Ring roller power

[Crazy Old Coot]

TL;DR Summary

What is the principle of calculating the motor power and speed (thus gearbox output torque) fo drive a flat bar, or a tube, or any other section, through a set of rollers, to make a ring?

In principle, the ring is, at any instant, a beam being loaded in the centre, and in a failing state.
Thus, to drive the material continuously through the rollers, Force x Velocity = Work done/time = power.
60.P/2.pi.N = T
The units pan out, but is the concept correct?

The faster the work is done, the more power will be required. Seems logical.
The greater the roller spacing, the less Force is required, thus lower power. Seems logical.

Thank you for reading, and hopefully, bringing some order to this tortured soul!!

 

[Lnewqban]

Welcome, @Crazy Old Coot !

Your assumptions are correct.
Consider that the number of passes to reach the desired final radius of the ring determines the forces on the rollers and bearings, as well as the torque demanded from the motor.
Therefore, a small motor can achieve the same in small steps than a bigger one in less.

 

[Crazy Old Coot]

Thank you, Lnewqban, for your reply.
Your answer actually highlights the crux of the matter!

Consider that, once the "simply supported beam" has failed, further deformation is merely a question of displacement of the centre roller, with hardly any additional force.
So, under a deformation that, given any particular spacing of the two outer rollers, would generate a rolled radius of "r", the applied force "F" could be maintained and, if the velocity is maintained, the required Power should be unchanged.
Yes?

I think that taking baby steps is probably to avoid kinking?

 

[Lnewqban]

You are welcome.

Note that the very first bending is achieved by pushing the material down and at the middle point between the two bottom rollers with brute force, making it reach its yield point (plastic state) only in the cross section where the biggest moment is "felt", which is located exactly below the pushing top roller.

At that first stage, the rollers are not acting as such, but like the punch and die of a regular press brake.

The shape of the material remains straight between the central top roller, under which the initial bend happens, and the bottom ones (like a V-shape).

Then, the rolling motion starts, and from the edge of the material to the initial bend, the shape will remain untouched (note that the video below shows pre-bending of those sections for the heavy cylinder).

On the opposite direction, a continuous bending process happens as new cross-sections are forced to reach the bottom area of the top roller.

The difference from the initial bending is that the material is fed under the lowered central roller, progressively making it reach similar degree of deformation and plastic nature than the first cross-section.

As this continuous bending is progressive, it seems to use less energy or force, but in actuality, each similar length of arch requires exactly the same mechanical energy or work in order to achieve similar deformation than all the other equal lengths.

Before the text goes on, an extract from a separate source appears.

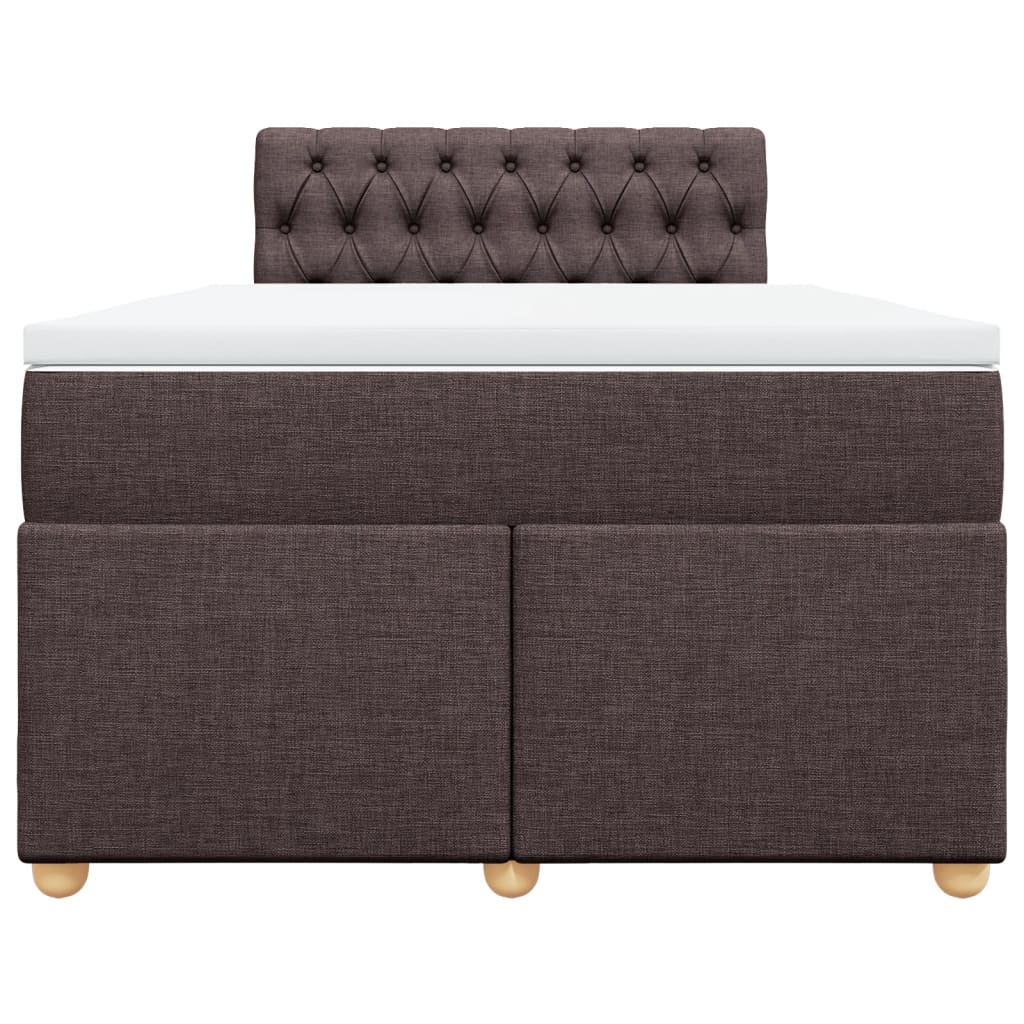 Giroletto a Molle con Materasso Marrone Scuro 120x200cm Tessuto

These links may guide you in a rough calculation of the needed bending and rolling forces:

https://www.mdpi.com/1996-1944/14/5/1204

https://www.harsle.com/how-to-calculate-the-bending-force-for-your-press-brake-machine

 

[jrmichler]

Consider that, once the "simply supported beam" has failed, further deformation is merely a question of displacement of the centre roller, with hardly any additional force.

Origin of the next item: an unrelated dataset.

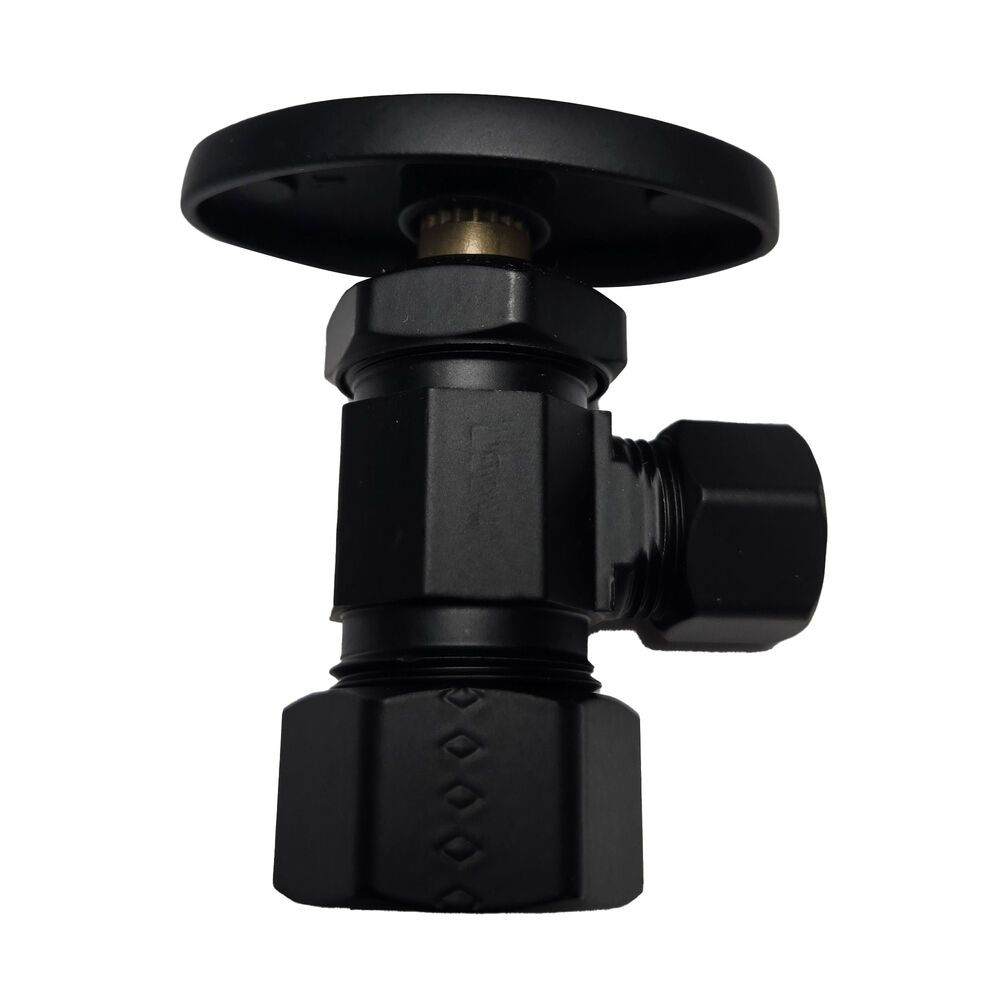 Newport Brass® 403/56 Angle Valve, 1/2x3/8" Nominal, OD Compression, Solid Brass Body, Flat Black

No. In the case of ring rolling, the "simply supported beam" has not failed. It has, however, yielded. Yielding is also known as plastic deformation. If you load a simply supported beam to yield and keep going, the force will not increase as it deforms. Nor will the force decrease while the beam continues to bend. Since you keep pushing while the beam bends, you are exerting a force through a distance. Work is defined as a force exerted through a distance. It takes a certain amount of work to bend a beam to a shape.

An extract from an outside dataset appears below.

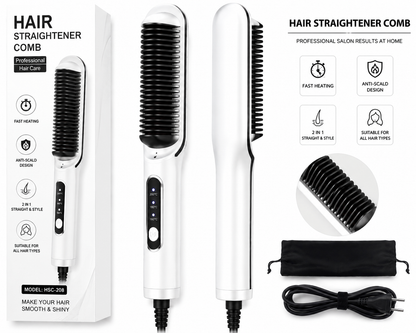 2-in-1 Electric Hair Straightener Comb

Power is work divided by time. If you bend it slowly, such as in a hand pumped hydraulic press, the power is low. A powerful motor driven machine will do the same work in a short time. The total work will be the same, but the power is different because the time is different.

Lots of simplifying assumptions the above discussion, but the main point is valid.

I think that taking baby steps is probably to avoid kinking?

At some point, the force required is greater than the friction between the drive roller and steel, and the whole thing comes to a stop with the drive roller slipping. And it's difficult to fix if you roll it too far.

 

[Crazy Old Coot]

You are welcome.

Note that the very first bending ...
These links may guide you in a rough calculation of the needed bending and rolling forces:

https://www.mdpi.com/1996-1944/14/5/1204

https://www.harsle.com/how-to-calculate-the-bending-force-for-your-press-brake-machine

Thank you for this. It's a heck of a lot of maths for my old brain to process, but I'll try.

 

[Crazy Old Coot]

No. In the case of ring rolling, the "simply supported beam" has not failed....
Lots of simplifying assumptions the above discussion, but the main point is valid.


At some point, the force required is greater than the friction between the drive roller and steel, and the whole thing comes to a stop with the drive roller slipping. And it's difficult to fix if you roll it too far.

Thank you for your contribution.
I wasn't even considering the speed with which the first deformation takes place.
That is a separate system to the driving system.

However, as the material is fed into the rollers, it is akin to many continuous small manual advances and re-deforming. (I.e. repeating the initial bending process in a zillion micro steps.)

This involves distance and force, and time,

So, my initial question suggested that the feed speed and yielding force were the computational factors.
Does this somehow equate to the "many small manual advances and re-deformings?"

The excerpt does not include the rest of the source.